# THE TASK
Each line below must be set down exactly; omit any image you find.

# INFORMATION SHOWN
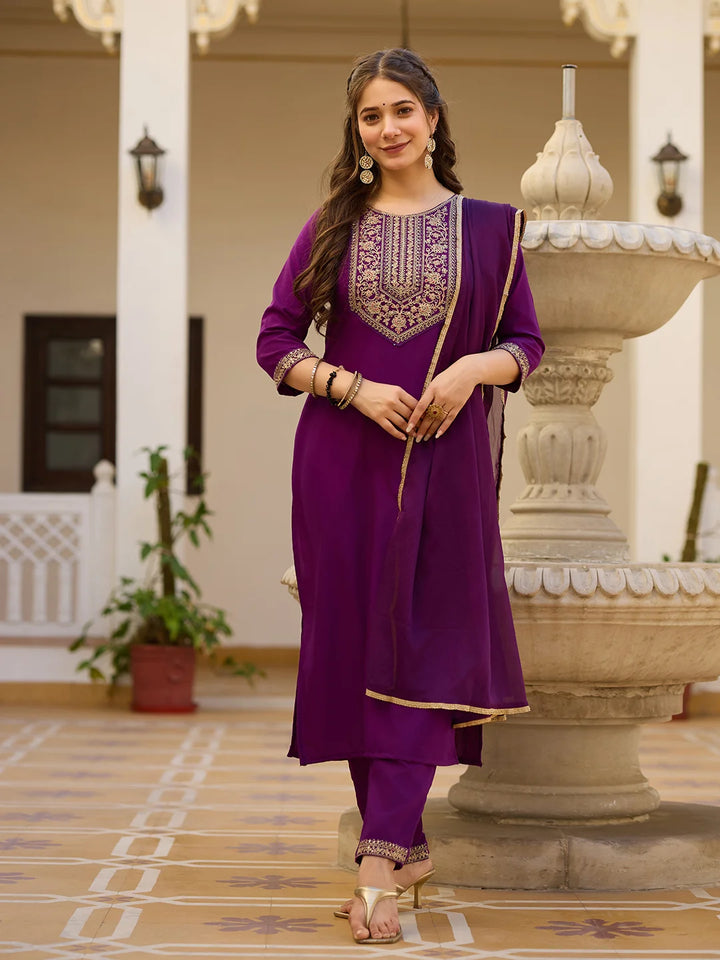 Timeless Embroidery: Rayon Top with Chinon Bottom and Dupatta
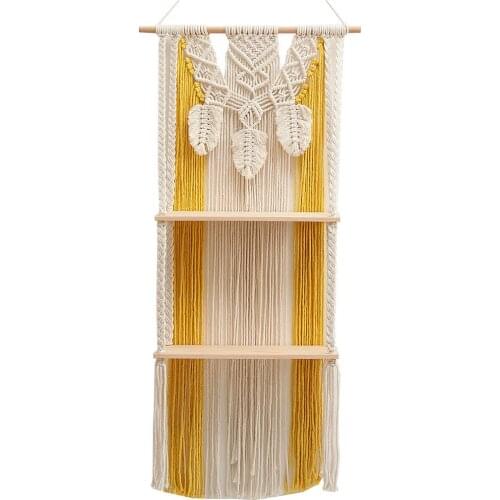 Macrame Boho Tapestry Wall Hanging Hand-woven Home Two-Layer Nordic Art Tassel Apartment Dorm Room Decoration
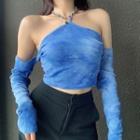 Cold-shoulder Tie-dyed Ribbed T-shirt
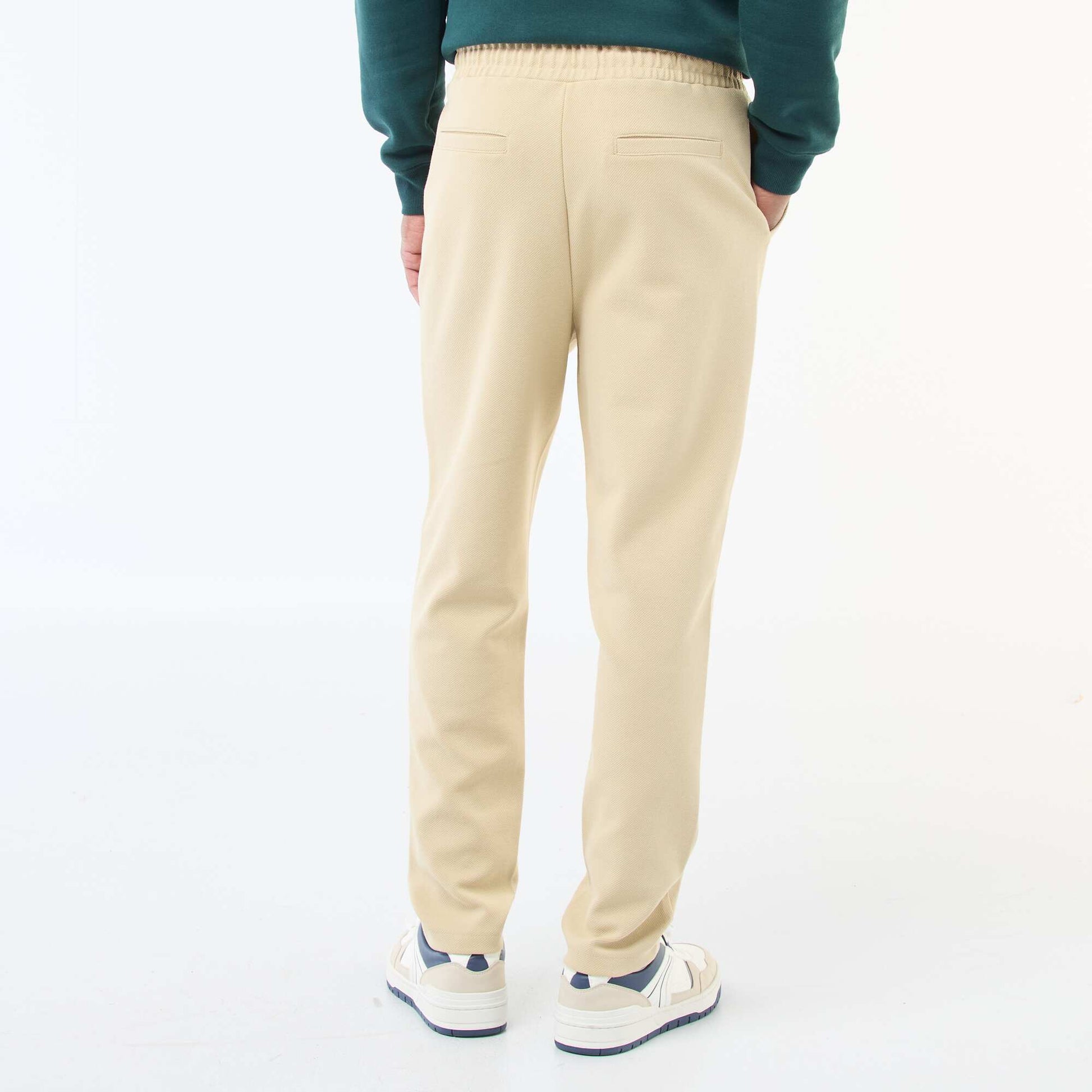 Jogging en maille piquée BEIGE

# OUTPUT
 Timeless Embroidery: Rayon Top with Chinon Bottom and Dupatta
 Macrame Boho Tapestry Wall Hanging Hand-woven Home Two-Layer Nordic Art Tassel Apartment Dorm Room Decoration
 Cold-shoulder Tie-dyed Ribbed T-shirt
 Jogging en maille piquée BEIGE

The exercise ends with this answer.